▸ **Work to complete**:
Word for word, restate each of the entries below, and drop every picture.

▸ **Task inputs**:
++++++++++++++++++++

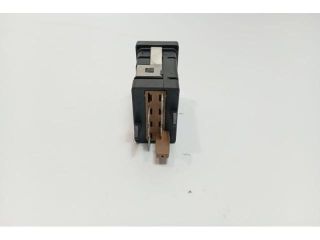 bontott VW PASSAT B5 Bal első Ülésfűtés Kapcsoló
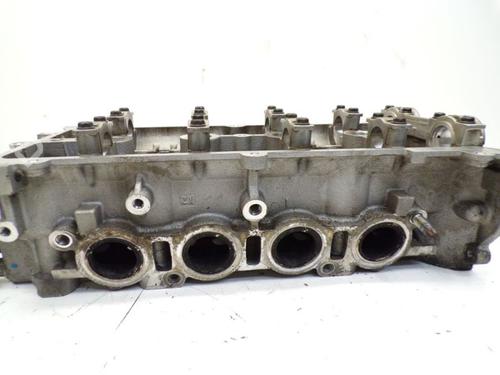 Cylinder head MAZDA 2 (DE_, DH_) 1.3 (DE3FS) | BP37118058M5 - Image 5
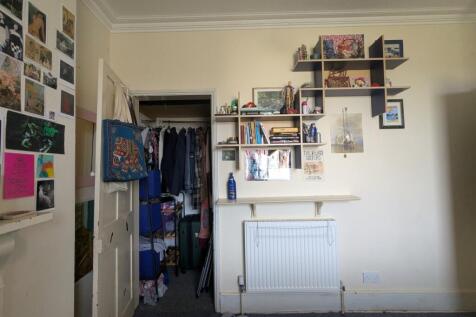 PXL_20251001_133446693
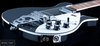 Rickenbacker 620/6 , Jetglo: Close up - Free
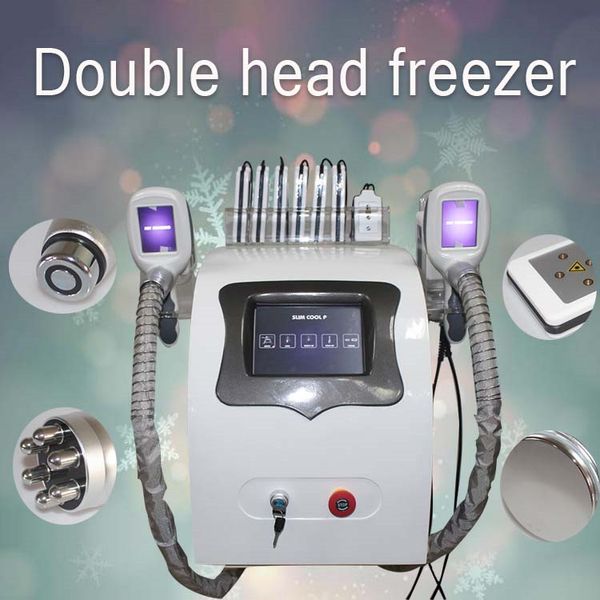 new arrival fat ing cryolipolysis cool shaping body liposuction fat e cellulite removal slimming beauty equipment
new arrival fat ing cryolipolysis cool shaping body liposuction fat e cellulite removal slimming beauty equipment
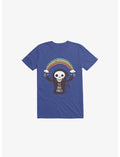 No Bad Vibes! T-Shirt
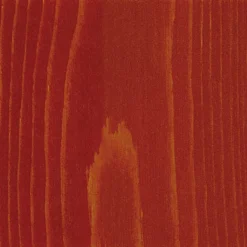 Ronseal Mahogany Satin Wood Stain, 750ml -Paint Decoration ronseal mahogany satin wood stain 750ml5010214886746 36c bq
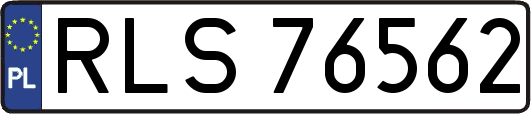 RLS76562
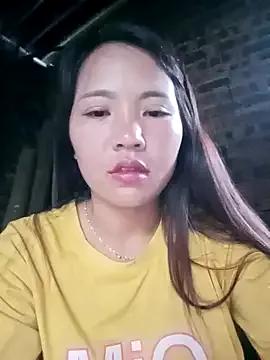 mphungsp from StripChat is Freechat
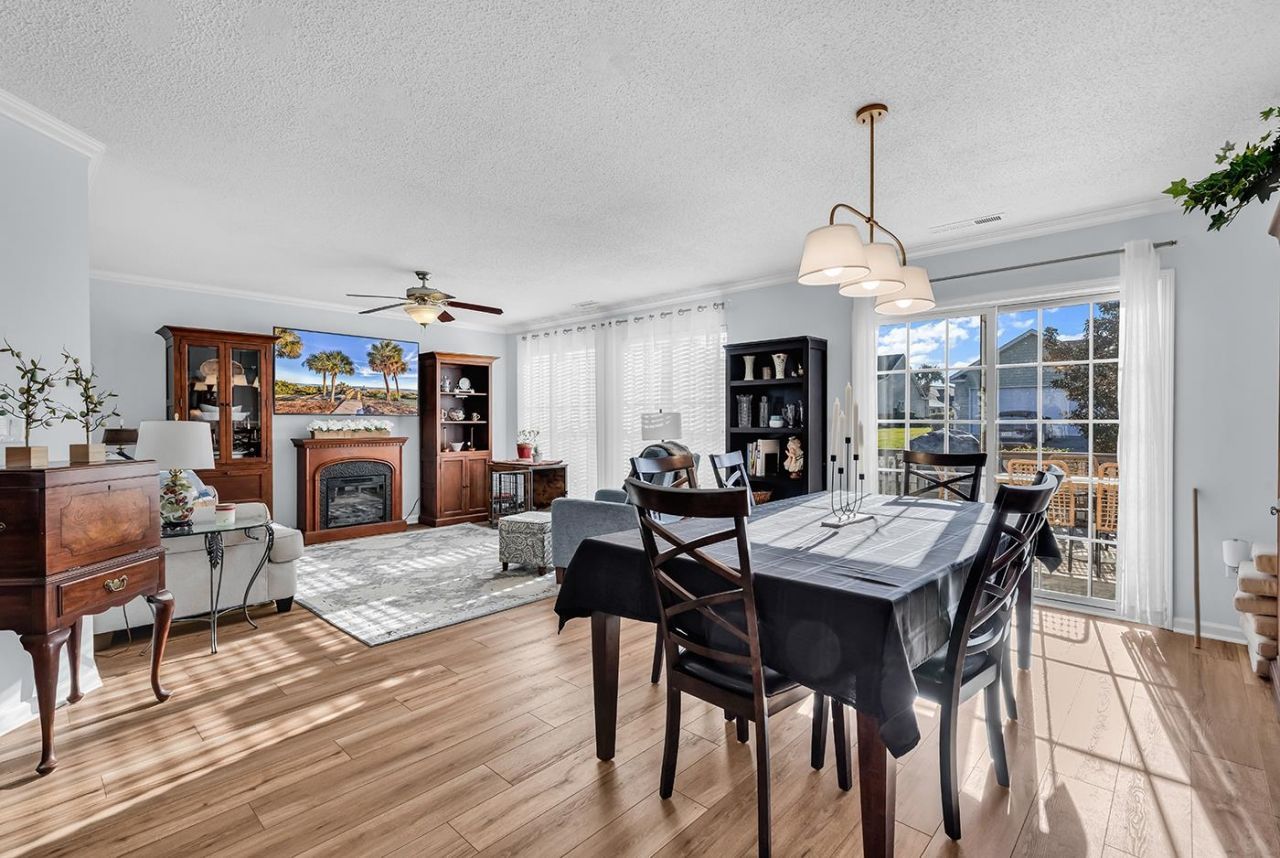 125 Point Break Dr. Photo 12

++++++++++++++++++++

▸ **Reply**:
 bontott VW PASSAT B5 Bal első Ülésfűtés Kapcsoló
 Cylinder head MAZDA 2 (DE_, DH_) 1.3 (DE3FS) | BP37118058M5 - Image 5
 PXL_20251001_133446693
 Rickenbacker 620/6 , Jetglo: Close up - Free
 new arrival fat ing cryolipolysis cool shaping body liposuction fat e cellulite removal slimming beauty equipment
new arrival fat ing cryolipolysis cool shaping body liposuction fat e cellulite removal slimming beauty equipment
 No Bad Vibes! T-Shirt
 Ronseal Mahogany Satin Wood Stain, 750ml -Paint Decoration ronseal mahogany satin wood stain 750ml5010214886746 36c bq
 RLS76562
 mphungsp from StripChat is Freechat
 125 Point Break Dr. Photo 12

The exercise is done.